**Required action:**
Every record, from the first to the last, is to be printed again exactly.

(Data shown begins)

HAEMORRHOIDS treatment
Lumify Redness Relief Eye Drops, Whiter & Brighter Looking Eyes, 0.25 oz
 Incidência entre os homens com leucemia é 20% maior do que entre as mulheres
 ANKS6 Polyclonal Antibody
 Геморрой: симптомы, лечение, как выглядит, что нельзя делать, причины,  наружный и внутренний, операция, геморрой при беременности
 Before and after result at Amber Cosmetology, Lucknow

(Data shown ends)

**Exercise result:**
HAEMORRHOIDS treatment
Lumify Redness Relief Eye Drops, Whiter & Brighter Looking Eyes, 0.25 oz
 Incidência entre os homens com leucemia é 20% maior do que entre as mulheres
 ANKS6 Polyclonal Antibody
 Геморрой: симптомы, лечение, как выглядит, что нельзя делать, причины,  наружный и внутренний, операция, геморрой при беременности
 Before and after result at Amber Cosmetology, Lucknow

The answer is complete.